Забывшись, я несколько раз перекрестился, сплюнул через плечо, бросил, растоптал окурок и поднялся по лестнице на третий этаж, остановился перед дверью с медной табличкой, со звонком на деревянной скобе, перед дубовой дверью, отделяющей от меня мою мадонну, долгожданную, желанную, вдоль и поперек исхоженную ласковыми руками. Рассыпалось трелями, запело петухом, взмывшим спозаранку на бесконечный забор, заквохтало, застрекотало сорокой, сойкой, туфельками на высоких каблучках дробно застучало. Боже ты мой, господи Иисусе, только что вынутый из колыбели, присосавшийся беззубыми деснами к груди, она сама передо мной предстала, сама Матильда, в цветастой юбке, сдернутой с краковского луга, в расшитом цехинами, бисером корсаже, обхватывающем ее тяжелые, налитые груди, в высоких красных башмаках, шнурованных под колено, в бусах из настоящих кораллов, в турецком платке, завязанном сзади.
— Милости просим, — запела Матильда. — Заходи, долгожданный гость, рожденный на лугу, на ниве, за овином, в запечье, в гусятне, где всего теплей, всего уютней, всего милее.

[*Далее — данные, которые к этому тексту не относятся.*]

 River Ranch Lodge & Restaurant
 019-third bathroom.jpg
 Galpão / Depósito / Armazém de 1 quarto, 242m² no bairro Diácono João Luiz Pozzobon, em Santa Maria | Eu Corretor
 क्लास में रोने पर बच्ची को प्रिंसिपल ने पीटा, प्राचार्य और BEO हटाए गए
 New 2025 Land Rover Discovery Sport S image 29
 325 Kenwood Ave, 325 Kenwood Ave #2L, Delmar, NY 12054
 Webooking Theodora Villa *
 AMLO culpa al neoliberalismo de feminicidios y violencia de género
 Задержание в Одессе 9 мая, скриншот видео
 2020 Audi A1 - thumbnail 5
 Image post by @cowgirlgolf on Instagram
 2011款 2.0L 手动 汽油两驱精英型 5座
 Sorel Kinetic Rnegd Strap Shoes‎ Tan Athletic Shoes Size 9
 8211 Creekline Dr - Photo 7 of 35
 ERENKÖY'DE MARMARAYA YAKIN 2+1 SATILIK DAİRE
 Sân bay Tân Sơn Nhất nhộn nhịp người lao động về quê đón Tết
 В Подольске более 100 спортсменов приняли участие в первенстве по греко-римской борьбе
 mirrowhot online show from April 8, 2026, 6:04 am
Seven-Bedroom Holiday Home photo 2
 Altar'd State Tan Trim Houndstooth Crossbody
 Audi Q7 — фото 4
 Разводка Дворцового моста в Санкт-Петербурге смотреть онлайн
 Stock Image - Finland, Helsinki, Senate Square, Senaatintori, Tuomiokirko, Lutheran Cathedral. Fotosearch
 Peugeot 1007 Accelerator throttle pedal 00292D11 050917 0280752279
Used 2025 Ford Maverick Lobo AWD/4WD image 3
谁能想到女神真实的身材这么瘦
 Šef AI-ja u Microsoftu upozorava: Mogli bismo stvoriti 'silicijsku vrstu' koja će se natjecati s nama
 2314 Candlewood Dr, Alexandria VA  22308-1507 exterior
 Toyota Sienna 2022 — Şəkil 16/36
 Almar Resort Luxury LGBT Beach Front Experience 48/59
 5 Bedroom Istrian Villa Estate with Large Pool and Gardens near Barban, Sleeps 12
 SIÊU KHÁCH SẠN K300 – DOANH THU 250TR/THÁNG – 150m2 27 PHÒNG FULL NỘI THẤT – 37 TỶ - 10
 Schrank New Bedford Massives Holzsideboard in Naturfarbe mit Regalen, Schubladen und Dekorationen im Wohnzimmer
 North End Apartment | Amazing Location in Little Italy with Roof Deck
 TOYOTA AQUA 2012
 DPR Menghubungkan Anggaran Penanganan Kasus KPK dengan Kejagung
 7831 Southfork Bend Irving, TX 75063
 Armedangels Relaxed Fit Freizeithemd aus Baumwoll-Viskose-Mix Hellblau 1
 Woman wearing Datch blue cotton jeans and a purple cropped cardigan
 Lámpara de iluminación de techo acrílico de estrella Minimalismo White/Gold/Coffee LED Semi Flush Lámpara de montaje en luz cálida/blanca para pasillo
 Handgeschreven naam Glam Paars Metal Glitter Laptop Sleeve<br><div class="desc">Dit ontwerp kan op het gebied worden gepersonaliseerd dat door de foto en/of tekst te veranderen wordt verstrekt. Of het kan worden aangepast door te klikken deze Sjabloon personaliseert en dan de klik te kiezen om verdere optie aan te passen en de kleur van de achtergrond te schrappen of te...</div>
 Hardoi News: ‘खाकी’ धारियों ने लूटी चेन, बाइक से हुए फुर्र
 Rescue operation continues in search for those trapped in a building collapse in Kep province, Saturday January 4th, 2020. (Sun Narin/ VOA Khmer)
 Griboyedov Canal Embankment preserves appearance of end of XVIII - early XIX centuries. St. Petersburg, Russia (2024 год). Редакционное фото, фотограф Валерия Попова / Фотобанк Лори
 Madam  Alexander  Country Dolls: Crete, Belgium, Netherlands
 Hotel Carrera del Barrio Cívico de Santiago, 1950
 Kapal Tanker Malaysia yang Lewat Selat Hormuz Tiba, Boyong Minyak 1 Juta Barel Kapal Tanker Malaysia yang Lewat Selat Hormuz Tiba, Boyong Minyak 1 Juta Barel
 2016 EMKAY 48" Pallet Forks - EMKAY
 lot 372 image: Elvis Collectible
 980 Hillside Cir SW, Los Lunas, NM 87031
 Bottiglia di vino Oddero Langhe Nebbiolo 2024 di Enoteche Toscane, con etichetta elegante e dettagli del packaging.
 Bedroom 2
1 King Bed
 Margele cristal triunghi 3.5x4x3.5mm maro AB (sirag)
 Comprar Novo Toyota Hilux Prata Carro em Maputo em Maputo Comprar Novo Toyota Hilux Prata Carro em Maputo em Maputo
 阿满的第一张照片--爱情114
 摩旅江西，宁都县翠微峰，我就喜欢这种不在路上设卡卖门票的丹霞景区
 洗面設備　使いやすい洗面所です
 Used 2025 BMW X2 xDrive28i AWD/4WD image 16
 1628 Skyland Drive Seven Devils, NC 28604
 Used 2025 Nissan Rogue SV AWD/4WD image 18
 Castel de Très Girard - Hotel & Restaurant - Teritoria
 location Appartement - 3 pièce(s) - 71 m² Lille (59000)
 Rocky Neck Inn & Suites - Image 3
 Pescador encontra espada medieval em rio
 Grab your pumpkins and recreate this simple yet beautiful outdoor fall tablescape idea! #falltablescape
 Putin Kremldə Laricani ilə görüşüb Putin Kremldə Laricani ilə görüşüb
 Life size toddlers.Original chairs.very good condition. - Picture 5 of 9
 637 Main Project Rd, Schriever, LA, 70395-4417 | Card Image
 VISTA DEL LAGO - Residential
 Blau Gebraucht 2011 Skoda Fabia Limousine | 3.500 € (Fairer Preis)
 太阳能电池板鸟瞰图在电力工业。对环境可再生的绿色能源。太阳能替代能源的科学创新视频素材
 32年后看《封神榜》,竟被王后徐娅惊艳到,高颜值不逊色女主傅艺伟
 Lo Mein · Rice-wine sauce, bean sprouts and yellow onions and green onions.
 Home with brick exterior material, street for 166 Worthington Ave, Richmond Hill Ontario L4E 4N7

И разным зерном: рожью, пшеницей, колядным овсом, овсом серебряным, позванивающим, как удила, как новорожденное ржанье, просом мелешеньким, словно кто его смахнул со звездного неба, с ног до головы меня обсыпала.
— Добро пожаловать, лоза зеленая, мелким листом усыпанная, добро пожаловать, кмет взаправдашний, всем кметам кмет, самый что ни на есть доподлинный, каждой своей клеточкой, каждой частицей тамошний, с поля, из ивняка, из сорной травы, из березовой рощи, из реки, родника, прозрачного ручья, промерзающего до дна, до песка, до рыбы, вьюна, рака в твердом панцире, пахнущий коровой, лошадиными ноздрями, навозом, птичьим пером, пушистой кошкой, лазающей по плетню, с колышка на колышек перепрыгивающей. А пришедши в первый раз, приходи всегда, мы тебе всей душой рады.
Тут и родители Матильдины притрусили с хлебом-солью на вышитых рушниках, с веткой, увешанной золочеными орехами, яблоками, увитой травами, колосьями. В пояс нам поклонились, закричали павлинами:
— Добро пожаловать, милости просим в наши скромные хоромы.